A US government proposal would make it easier for the law to break into people's computers. Privacy-rights groups call it KGB tactics.
Written by Maria Seminerio, Contributor

A US Department of Justice proposal to make it easier for police to break into homes and access computers is drawing a furious reaction from civil libertarians and high-tech industry trade groups.

The draft legislation, for which the DOJ hopes to find a sponsor in Congress, is dubbed the Cyberspace Electronic Security Act.
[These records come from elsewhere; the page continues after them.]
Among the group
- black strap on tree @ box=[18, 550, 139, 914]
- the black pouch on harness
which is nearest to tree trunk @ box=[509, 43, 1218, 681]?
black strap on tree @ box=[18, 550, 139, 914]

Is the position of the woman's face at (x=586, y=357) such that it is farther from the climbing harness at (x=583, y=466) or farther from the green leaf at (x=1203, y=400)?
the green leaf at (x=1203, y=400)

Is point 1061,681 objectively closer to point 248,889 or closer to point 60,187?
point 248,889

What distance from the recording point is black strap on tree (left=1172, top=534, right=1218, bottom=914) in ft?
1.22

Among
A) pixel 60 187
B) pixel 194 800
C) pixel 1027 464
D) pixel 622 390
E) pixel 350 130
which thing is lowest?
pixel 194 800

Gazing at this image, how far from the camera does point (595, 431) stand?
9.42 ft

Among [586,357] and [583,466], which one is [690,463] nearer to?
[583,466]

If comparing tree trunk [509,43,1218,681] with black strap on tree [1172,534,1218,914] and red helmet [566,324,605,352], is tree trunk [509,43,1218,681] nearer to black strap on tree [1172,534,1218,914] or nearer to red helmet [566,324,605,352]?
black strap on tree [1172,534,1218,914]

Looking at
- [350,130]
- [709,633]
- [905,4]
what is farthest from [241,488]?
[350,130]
The law would make it easier for law enforcement officials to obtain from judges a now-rarely-used authorisation to break into a suspect's home and plant a hidden listening device.

But in this case, the computer equivalent of the "listening device" is the authorisation for investigators to disable data-scrambling encryption programs on PCs. (In order to actually copy data from the computer, police would still need a separate warrant from a judge.) "(The proposal) strikes at the heart of the Bill of Rights," said David Sobel, general counsel for the Electronic Privacy Information Center.
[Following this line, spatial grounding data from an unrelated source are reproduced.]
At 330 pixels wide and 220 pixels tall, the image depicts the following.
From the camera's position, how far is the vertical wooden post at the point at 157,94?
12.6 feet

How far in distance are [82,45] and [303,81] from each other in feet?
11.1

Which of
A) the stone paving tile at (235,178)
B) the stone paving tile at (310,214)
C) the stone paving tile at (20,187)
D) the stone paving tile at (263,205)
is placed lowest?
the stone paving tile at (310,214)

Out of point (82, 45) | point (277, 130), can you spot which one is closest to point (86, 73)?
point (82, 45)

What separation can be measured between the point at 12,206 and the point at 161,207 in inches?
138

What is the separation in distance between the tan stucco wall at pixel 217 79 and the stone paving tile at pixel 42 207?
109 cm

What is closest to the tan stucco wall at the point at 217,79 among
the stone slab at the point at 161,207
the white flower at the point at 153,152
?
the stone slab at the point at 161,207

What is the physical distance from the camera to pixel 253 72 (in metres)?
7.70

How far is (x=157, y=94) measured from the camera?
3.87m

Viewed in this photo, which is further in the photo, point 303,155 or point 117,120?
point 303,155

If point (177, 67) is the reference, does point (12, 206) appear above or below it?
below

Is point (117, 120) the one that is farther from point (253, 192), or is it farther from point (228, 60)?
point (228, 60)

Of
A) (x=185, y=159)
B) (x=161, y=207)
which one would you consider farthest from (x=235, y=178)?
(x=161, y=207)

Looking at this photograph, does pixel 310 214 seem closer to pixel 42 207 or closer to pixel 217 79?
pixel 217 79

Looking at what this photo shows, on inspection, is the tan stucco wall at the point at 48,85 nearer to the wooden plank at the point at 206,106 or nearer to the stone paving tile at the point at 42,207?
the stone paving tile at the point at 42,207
Noting that judges in all federal and state courts combined only issued 50 warrants for so-called "surreptitious physical entries" last year, Sobel said extending such authorisation to cases involving computer files "would make police break-ins far more common than they are now".

The proposal would "basically allow investigators to booby-trap your computer ahead of time" by disabling encryption, he said. The proposal was most likely spurred by the frustration investigators have experienced when finding encrypted data on computers used by suspected drug dealers and other criminals, he added.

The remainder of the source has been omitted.